Although he stopped short of admitting plagiarism, Schroeder acknowledged that his sourcing was shabby and that he had a conflict of interest. "In this case, a part of the story involved a matter concerning the buyer of the Las Vegas Review-Journal," he wrote. "There should have been a tagline indicating that I had a business relationship with that person."

That's true, but that also makes it sound as if Schroeder didn't write the story as a favor to a friend.

"As editor and publisher, I take full responsibility for the assignment, publication and editing of the story and for these failures," he wrote. "It was a combination of writing and reporting from multiple sources, with anonymity promised, in this case, inappropriately."

What he didn't admit is whether he reported and crafted the Gonzalez story himself or, as I suspect, had more than a little help behind the scenes.

Perhaps he ran out of space.

Now Schroeder is out as manager of News + Media, and good riddance.
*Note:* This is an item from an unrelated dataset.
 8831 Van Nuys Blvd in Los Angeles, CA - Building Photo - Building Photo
The Review-Journal put an adult foot forward Wednesday when it announced the appointment of longtime Senior Editorial Writer Glenn Cook as interim editor. Cook has the intellect, work ethic and fully developed backbone to take on the difficult duty.

But if Schroeder imagined the "note to our readers" would absolve all sin and remove the story from the national headlines, he was mistaken. The New York Times took him to the journalistic woodshed in its Thursday edition with a long article under the headline, "A Publisher Puzzles Staff With His Role in Las Vegas."

Turns out Connecticut journalists aren't just upset because the publisher didn't bring them any "I Lost My Ass in Vegas" T-shirts back from his calamitous sojourn West. They're appalled.

Good grief, Schroeder. You lost more than your pseudonym in Vegas.